--- LISTED ENTRIES Enclosed Below ---
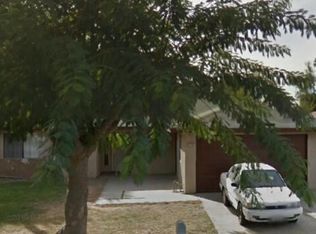 1110 Malta Ave, Madera, CA 93638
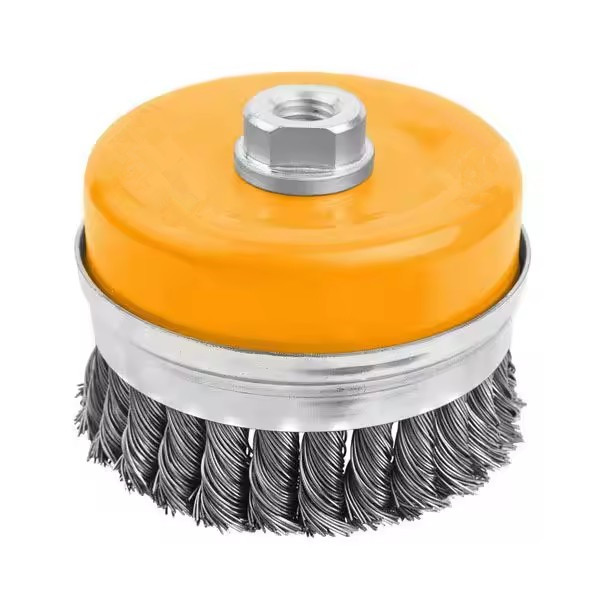 Wire Brush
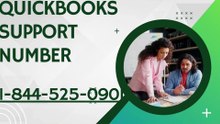 【Full Directory】 [List] of QuickBooks® U.S. Suppot Numbers – Easy Step-by-Step Help Guide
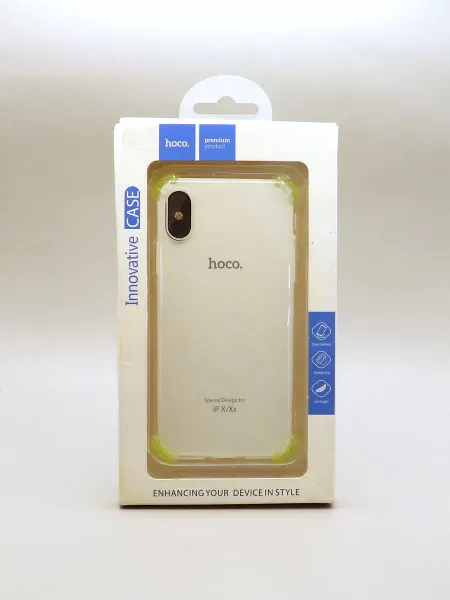 1000 Каталог Чехол-накладка для IPhone X XS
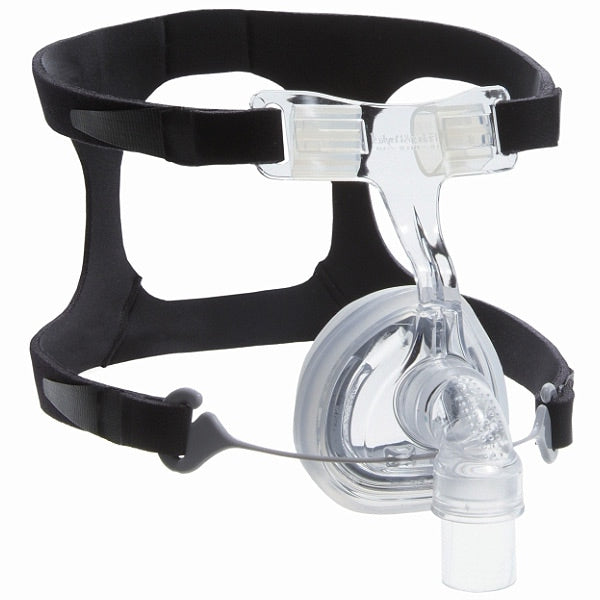 flexifit 406 petite nasal cpap mask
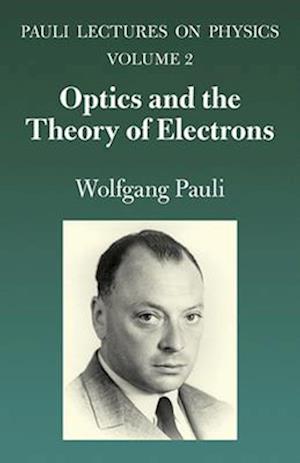 Optics and the Theory of Electrons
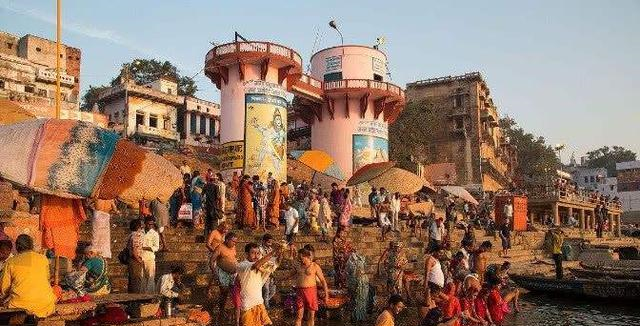 印度人口最多_美国亚裔移民报告,华裔人口最多!印度裔受教育程度、收入最高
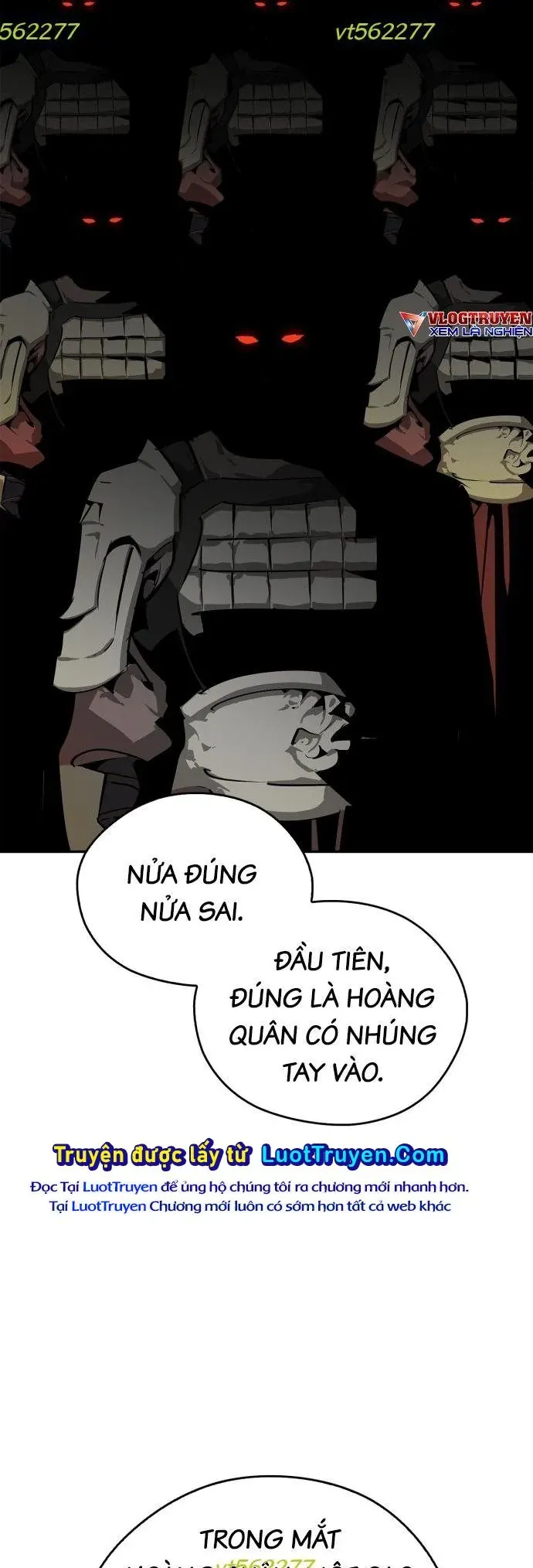 Võ Học Miền Viễn Tây - Chapter 63 - Page 38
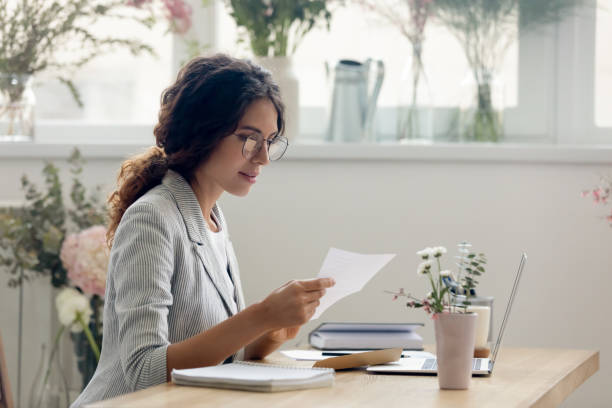 Best Construction Loans  in Olathe, KS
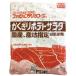  Kenko майонез .... картофель салат 1kg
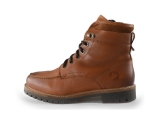 Travelin Veterboots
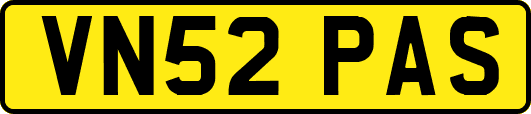 VN52PAS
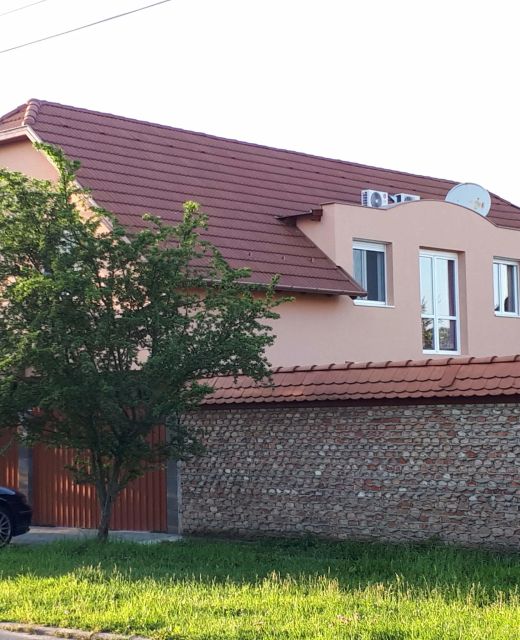 Sunshine Apartment Hajdúszoboszló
--- End of Enclosed LISTED ENTRIES ---
#### [WORK INSTRUCTIONS]
With the pictures dropped, give every entry above again exactly.

#### [RESULT BELOW]
 1110 Malta Ave, Madera, CA 93638
 Wire Brush
 【Full Directory】 [List] of QuickBooks® U.S. Suppot Numbers – Easy Step-by-Step Help Guide
 1000 Каталог Чехол-накладка для IPhone X XS
 flexifit 406 petite nasal cpap mask
 Optics and the Theory of Electrons
 印度人口最多_美国亚裔移民报告,华裔人口最多!印度裔受教育程度、收入最高
 Võ Học Miền Viễn Tây - Chapter 63 - Page 38
 Best Construction Loans  in Olathe, KS
  Kenko майонез .... картофель салат 1kg
 Travelin Veterboots
 VN52PAS
 Sunshine Apartment Hajdúszoboszló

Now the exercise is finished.